Extract the line that contains "Bowl & Basket" and every line after it through the end of the records below, exactly as written, leaving out any pictures.

[Crawled caption data]
--- START ---

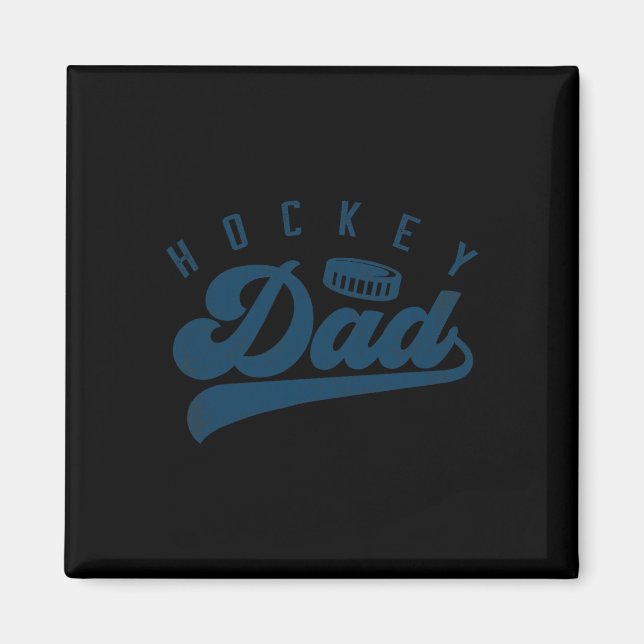 Imán Papá hockey obsequia el día de papá (Frente)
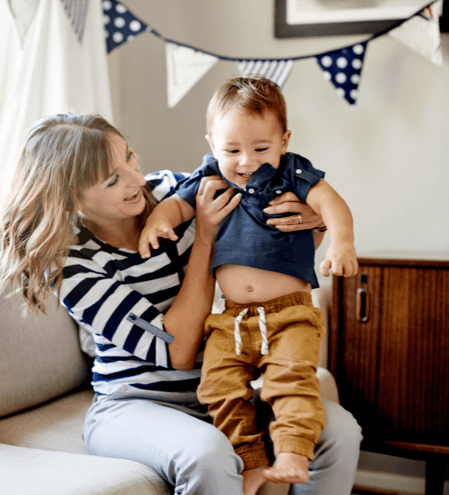 woman and baby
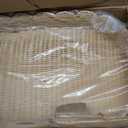 Handmade Scalloped Rattan Baby Changing Basket 30 x 16.5 x 5.1 Inch Changing Table Basket for Baby Dresser Extra High Sides Scallop Diaper Organizer for Nursery Decoration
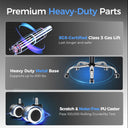 COMHOMA Upgraded Big and Tall Office Chair 400LBS with Pillow, Adjustable Armrest CH510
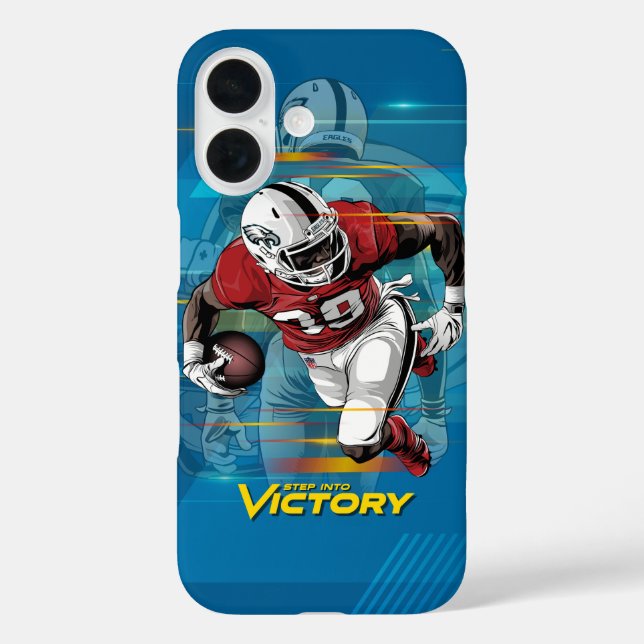 Schritt in den Sieg | iPhone 16 Hülle (Rückseite)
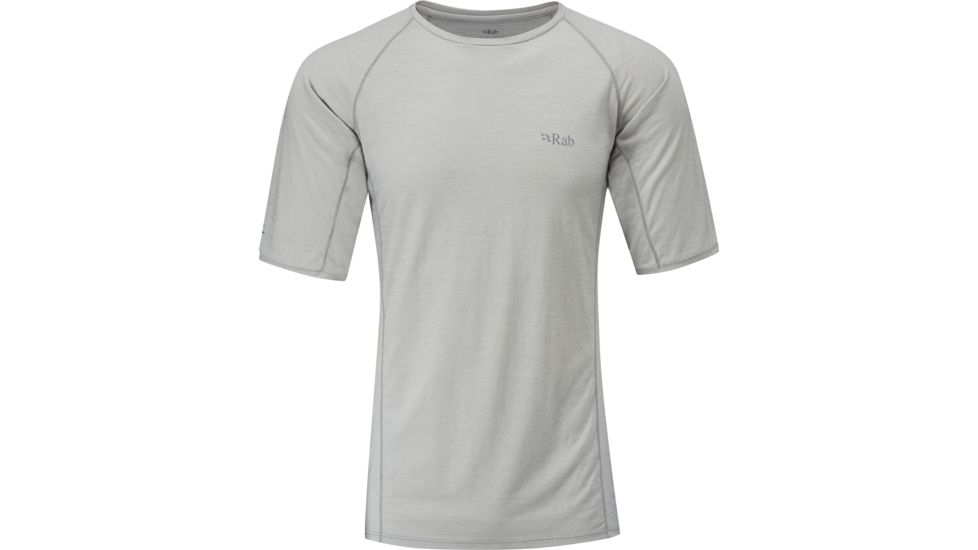 Rab Merino+ 120 Short Sleeve Tee - Men's -Dark Mirage-Medium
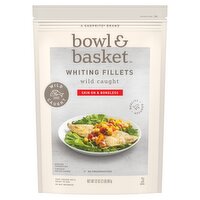 Bowl & Basket Skin On & Boneless Whiting Fillets, 32 oz, 2 Pound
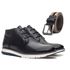 BOTA MARCAL PRETA + CINTO ELASTICO PRETO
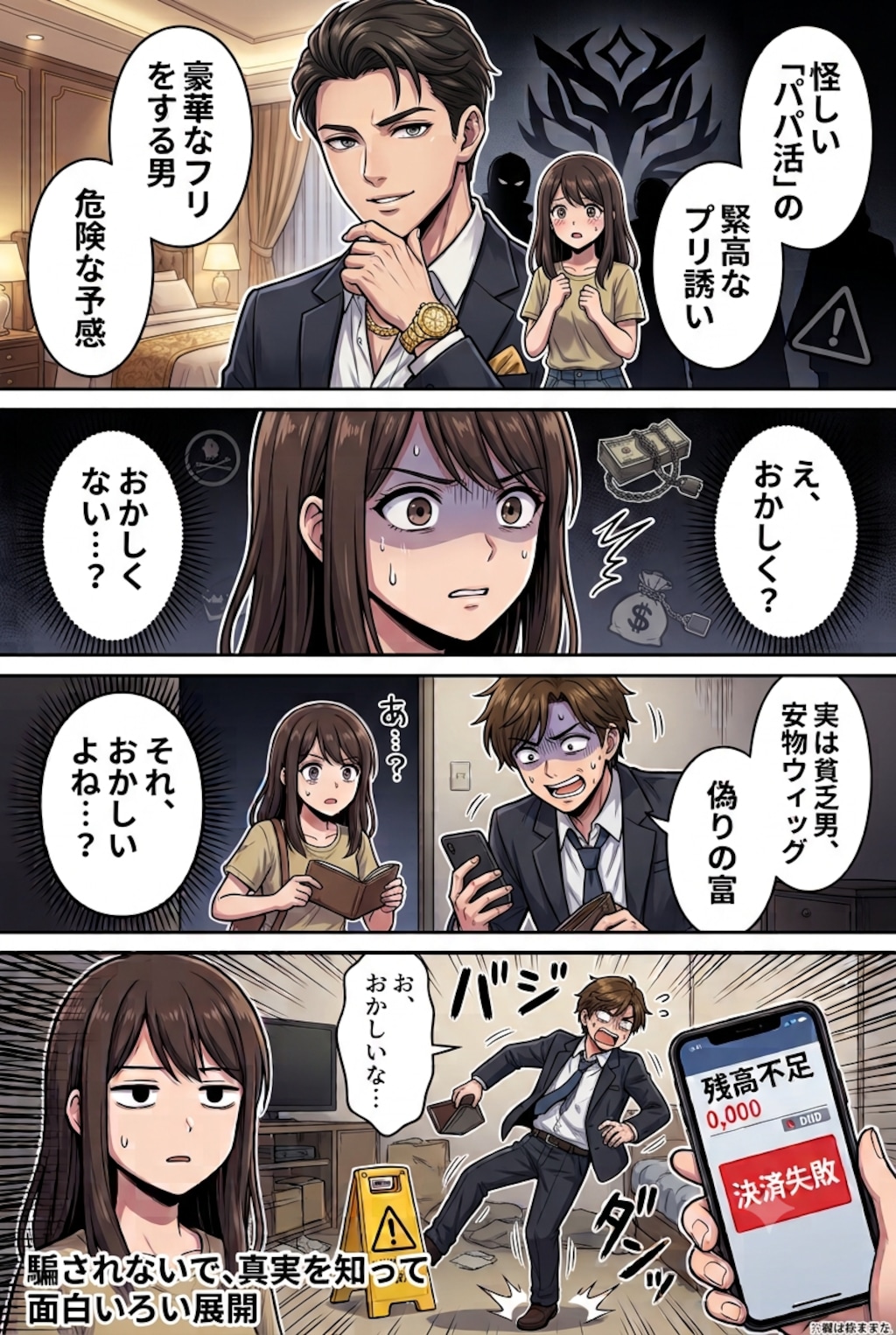 怪しいパパ活！💦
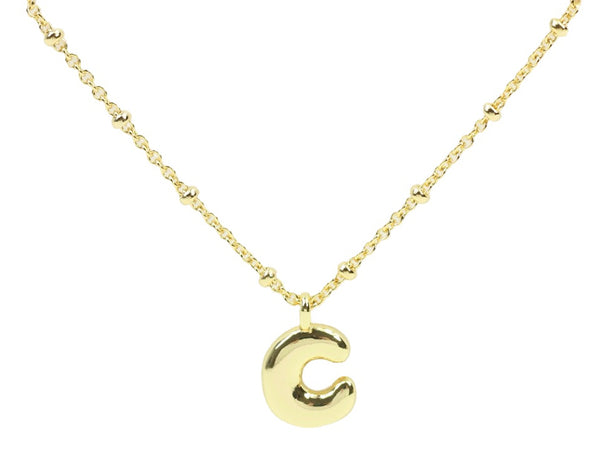 Bubble Initial Necklace
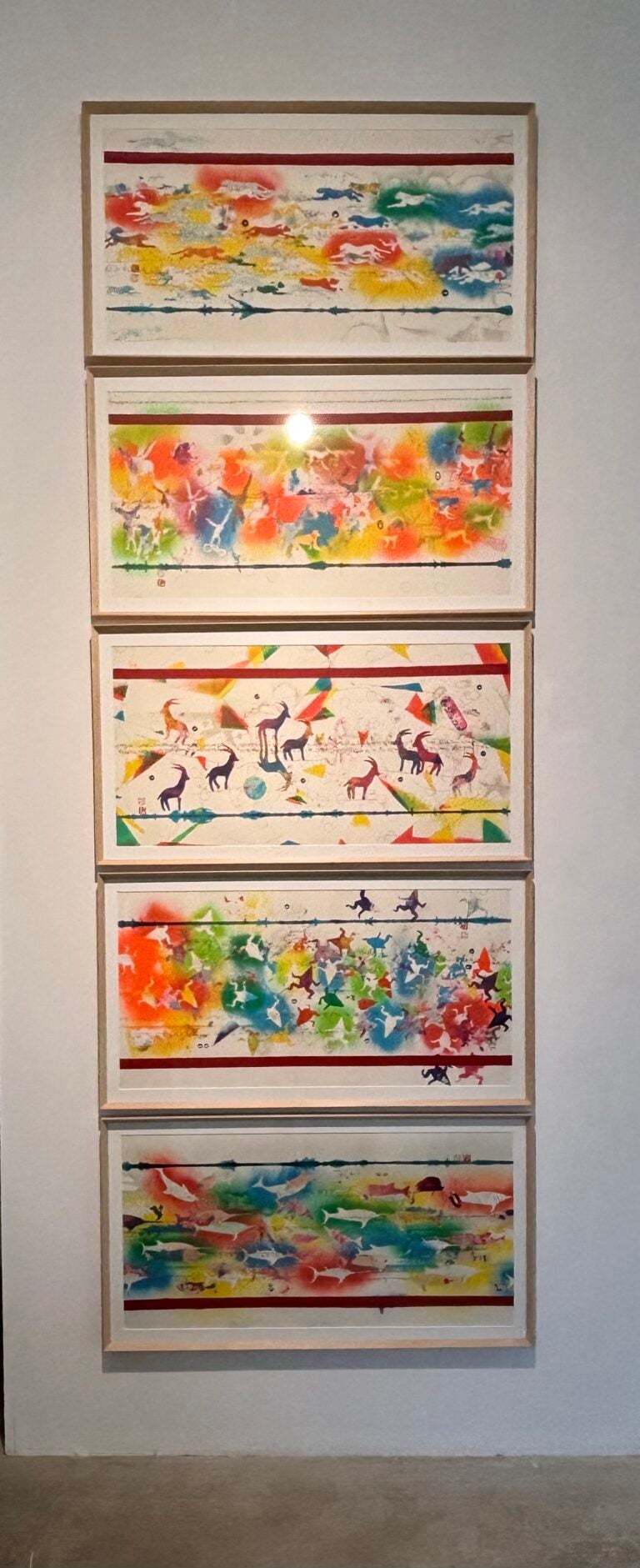 Turntable, Boetti con Carron e Monk, Installation view, Noire Gallery a Torino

--- END ---

> [Response to the task]
 Bowl & Basket Skin On & Boneless Whiting Fillets, 32 oz, 2 Pound
 BOTA MARCAL PRETA + CINTO ELASTICO PRETO
 怪しいパパ活！💦
 Bubble Initial Necklace
 Turntable, Boetti con Carron e Monk, Installation view, Noire Gallery a Torino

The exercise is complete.